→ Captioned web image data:
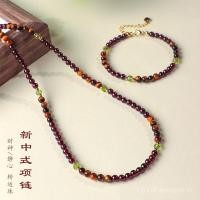 ราคา สร้อยข้อมือและสร้อยคอนาทีราวกะโกเมนสีเหลืองพร้อมลูกปัดเสือตา สำหรับผู้หญิง ชุด ACCESSORY (41412062414)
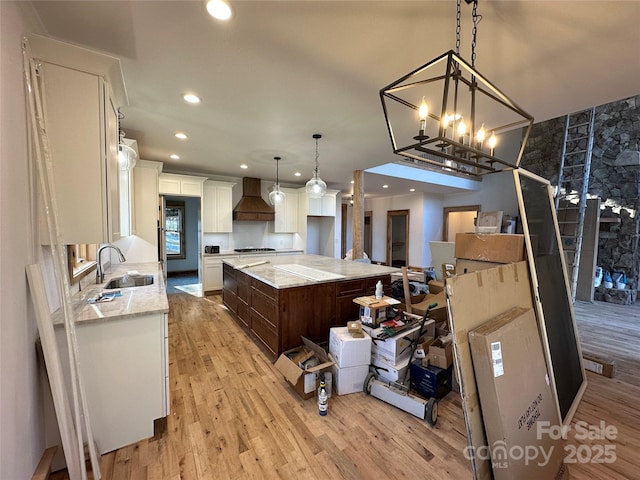 kitchen featuring light wood-style flooring, premium range hood, a sink, white cabinets, and a center island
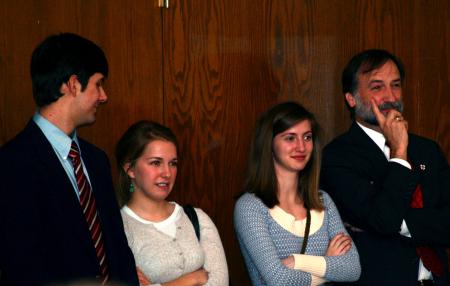 Mary Ann Poe's family waits to hear the announcement that she is the Altrusa Woman of the Year. - Photo by Kristi McMurry Woody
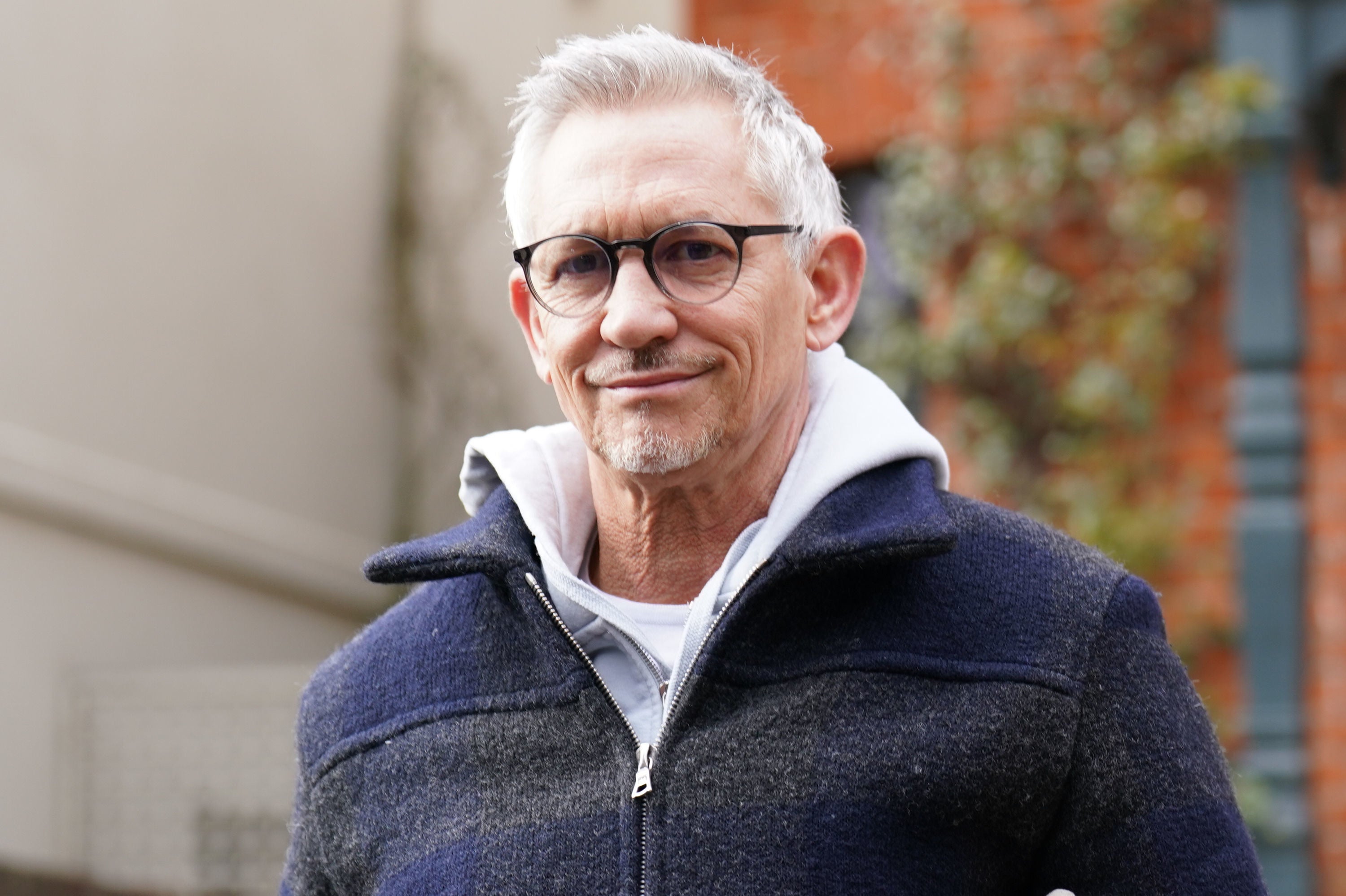 Gary Lineker smiles as he leaves his home following the announcement he would return to the BBC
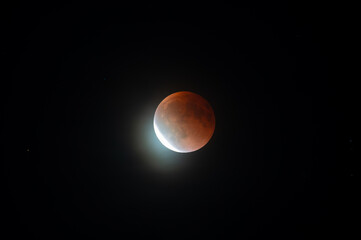 Munich, Germany - September 7th 2025: Total lunar eclipse (blood moon) with red-tinged lunar surface and bright crescent emerging against a dark night sky above Munich.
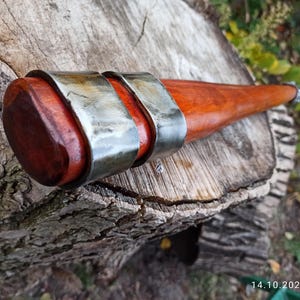 May include: A wooden club with a reddish-brown finish, featuring two silver metal bands around the shaft. The club has a rounded head and a tapered handle. The image is taken outdoors, with the club resting on a tree stump.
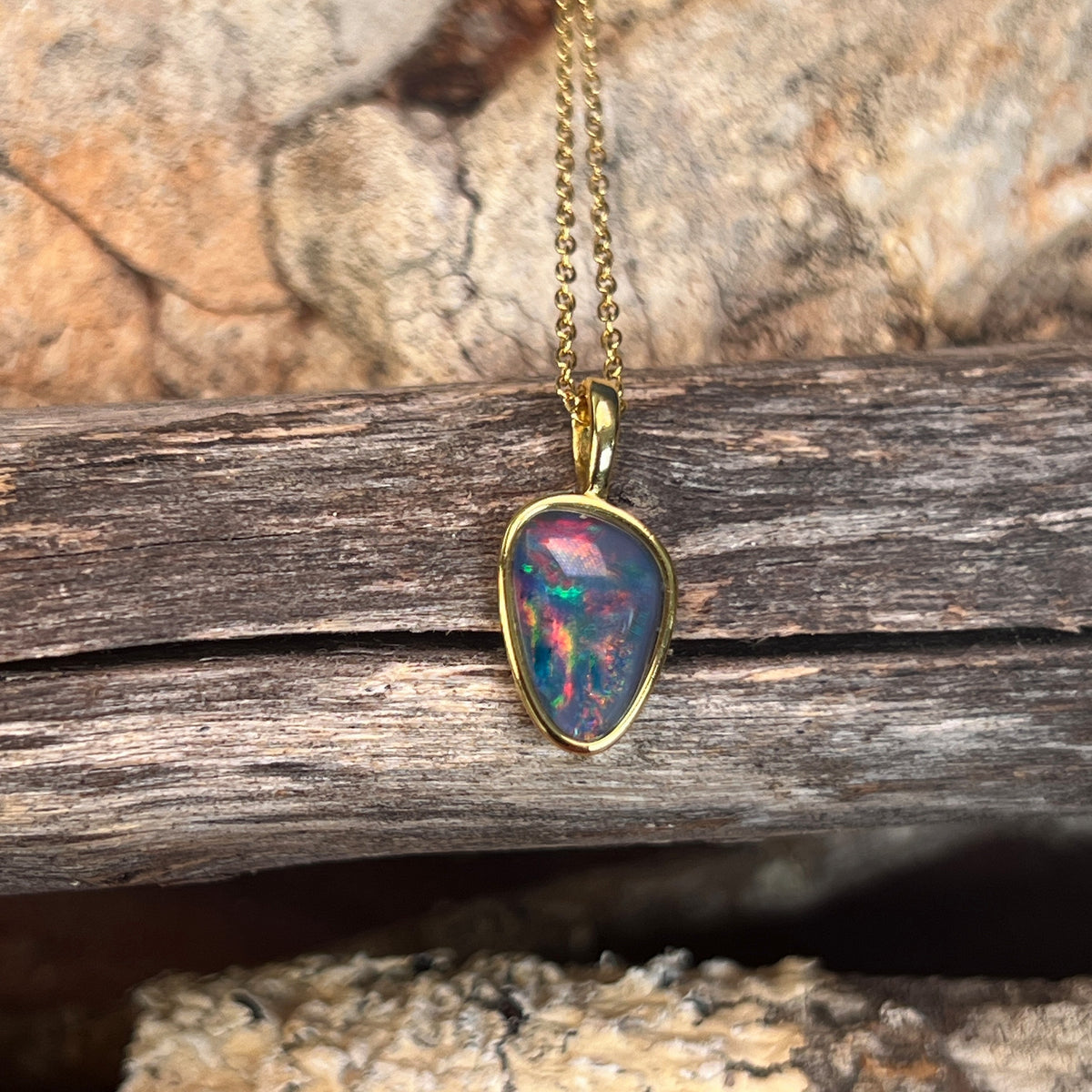 Australian opal triplet pendant, yellow gold-plated silver, 12 x 8mm stone showing blue, red and green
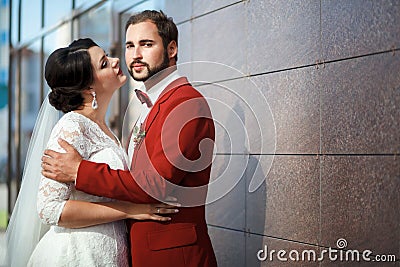 Bride and groom, romantic wedding couple in a passionate outburst, near walls of building. Stock Photo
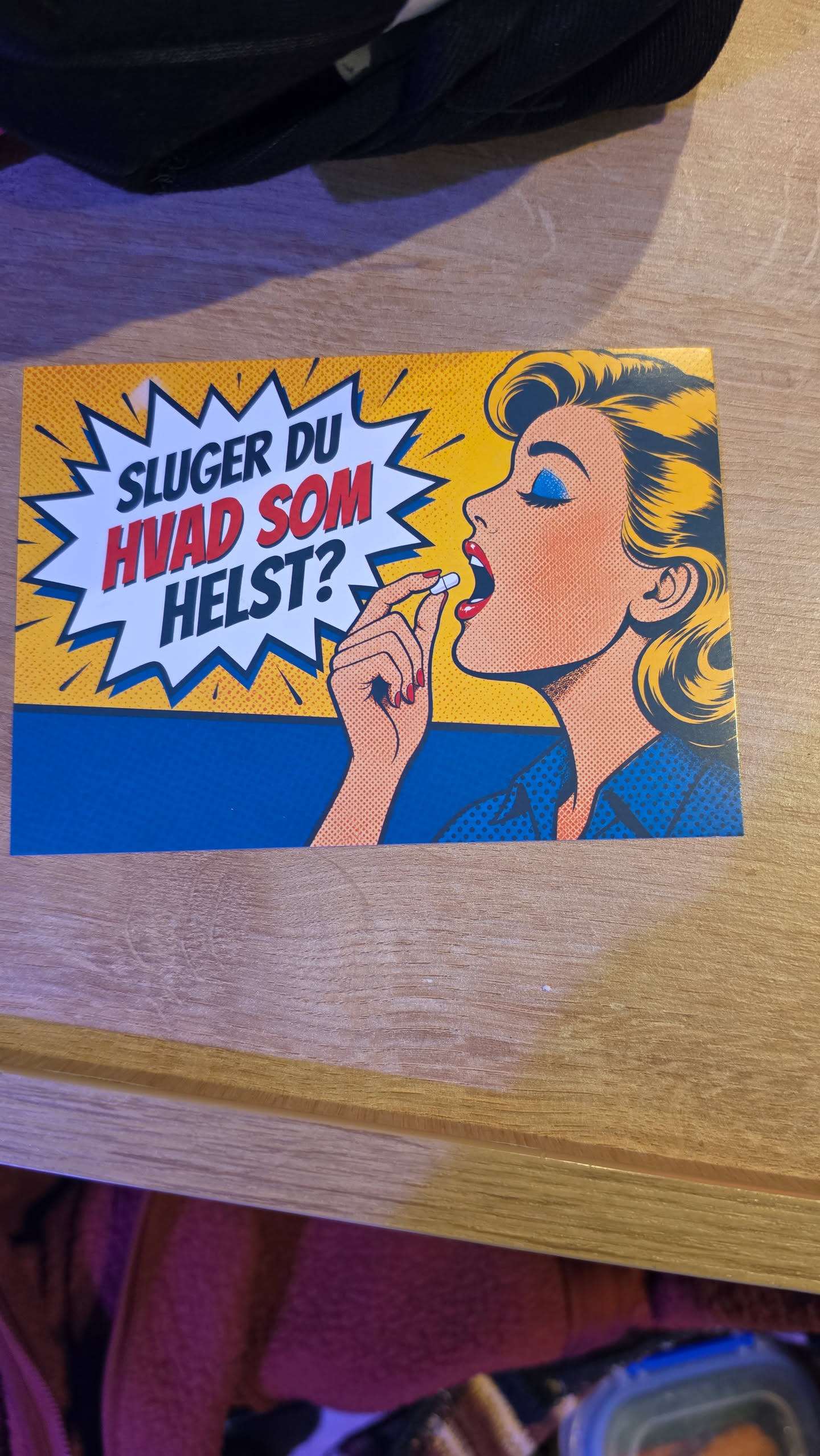 A rectangular sticker designed in a classic vintage comic pop-art style with Ben-Day dot shading. On the right side, a blonde woman in profile with bright blue eye shadow and red lipstick raises a white pill to her open mouth. To the left, a jagged white speech bubble framed in dark blue pops out against a yellow background, containing the bold text 'SLUGER DU HVAD SOM HELST?' with the top and bottom words in dark blue and the middle words in red.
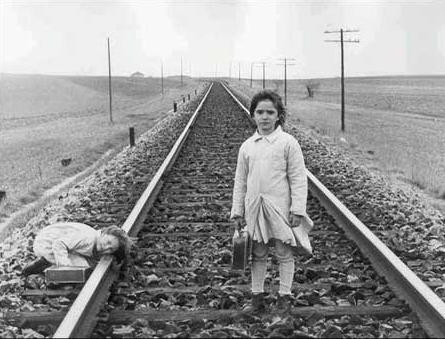 영화 '벌집의 정령' 한 장면. 철로 위의 두 소녀. 철로는 이동과 변화를 암시하는 상징적 공간으로, 억압된 환경 속에서도 자유와 상상력을 향한 순례의 길을 암시한다. 이 장면에 이어지는 기차의 질주는 카메라를 로우앵글로 해 위압감을 배가한다.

→ EXERCISE DESCRIPTION: The preceding entries are to be written out again exactly, with the pictures removed.

→ EXPECTED ANSWER:
 ราคา สร้อยข้อมือและสร้อยคอนาทีราวกะโกเมนสีเหลืองพร้อมลูกปัดเสือตา สำหรับผู้หญิง ชุด ACCESSORY (41412062414)
 kitchen featuring light wood-style flooring, premium range hood, a sink, white cabinets, and a center island
 Mary Ann Poe's family waits to hear the announcement that she is the Altrusa Woman of the Year. - Photo by Kristi McMurry Woody
 Gary Lineker smiles as he leaves his home following the announcement he would return to the BBC
 Munich, Germany - September 7th 2025: Total lunar eclipse (blood moon) with red-tinged lunar surface and bright crescent emerging against a dark night sky above Munich.
 May include: A wooden club with a reddish-brown finish, featuring two silver metal bands around the shaft. The club has a rounded head and a tapered handle. The image is taken outdoors, with the club resting on a tree stump.
 Australian opal triplet pendant, yellow gold-plated silver, 12 x 8mm stone showing blue, red and green
 Bride and groom, romantic wedding couple in a passionate outburst, near walls of building. Stock Photo
 A rectangular sticker designed in a classic vintage comic pop-art style with Ben-Day dot shading. On the right side, a blonde woman in profile with bright blue eye shadow and red lipstick raises a white pill to her open mouth. To the left, a jagged white speech bubble framed in dark blue pops out against a yellow background, containing the bold text 'SLUGER DU HVAD SOM HELST?' with the top and bottom words in dark blue and the middle words in red.
 영화 '벌집의 정령' 한 장면. 철로 위의 두 소녀. 철로는 이동과 변화를 암시하는 상징적 공간으로, 억압된 환경 속에서도 자유와 상상력을 향한 순례의 길을 암시한다. 이 장면에 이어지는 기차의 질주는 카메라를 로우앵글로 해 위압감을 배가한다.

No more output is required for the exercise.